Would you transcribe the listing that follows word for word, skipping pictures?

Supplied data:
◆ ◆ ◆ ◆ ◆

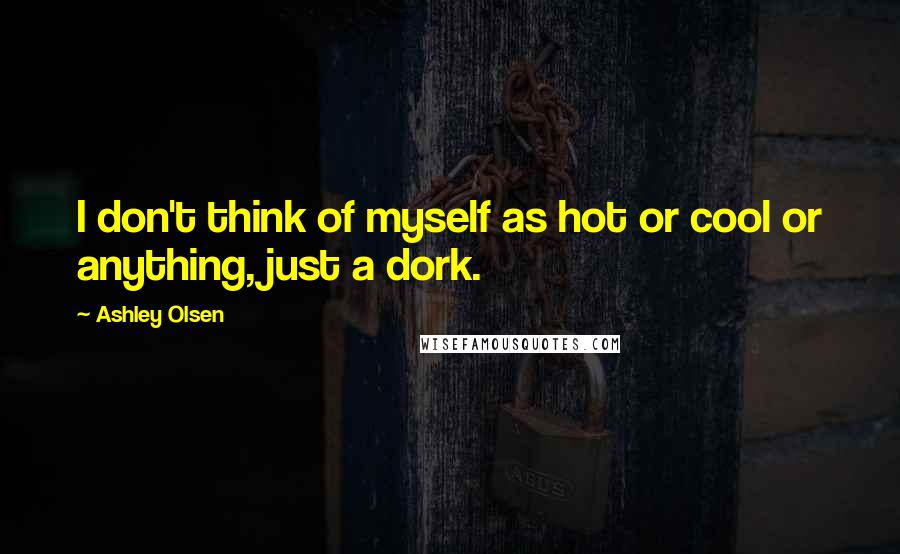 Ashley Olsen Quotes: I don't think of myself as hot or cool or anything, just a dork.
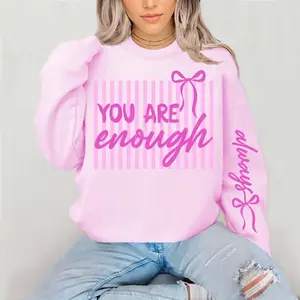 You are enough with sleeve design Crewneck Sweatshirt Gildan Everyday Style Super Soft Unisex Fit Streetwear Graphic Top warm Womenswear Casual Printed Long sleeve cute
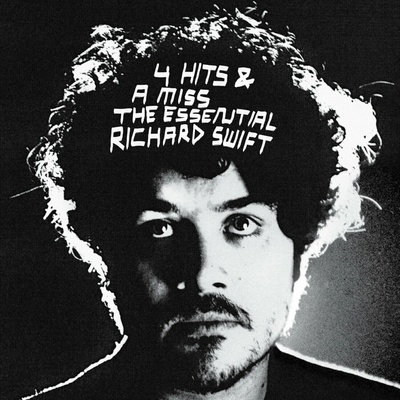 Richard Swift - 4 Hits & A Miss - The Essential Richard Swift LP
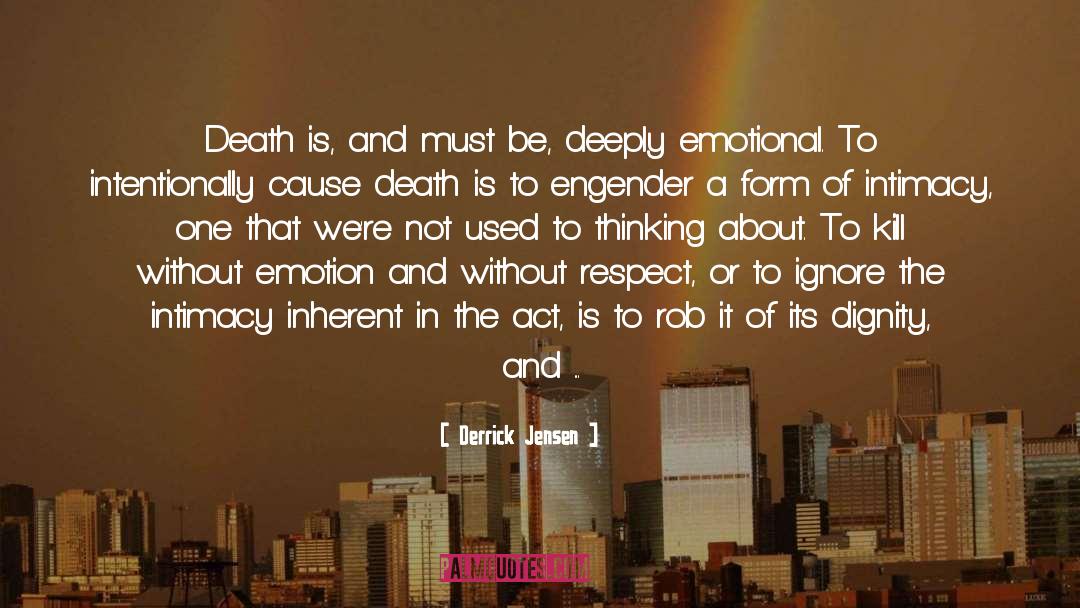 Death And Life quotes by Derrick Jensen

◆ ◆ ◆ ◆ ◆

Response box:
 Ashley Olsen Quotes: I don't think of myself as hot or cool or anything, just a dork.
 You are enough with sleeve design Crewneck Sweatshirt Gildan Everyday Style Super Soft Unisex Fit Streetwear Graphic Top warm Womenswear Casual Printed Long sleeve cute
 Richard Swift - 4 Hits & A Miss - The Essential Richard Swift LP
 Death And Life quotes by Derrick Jensen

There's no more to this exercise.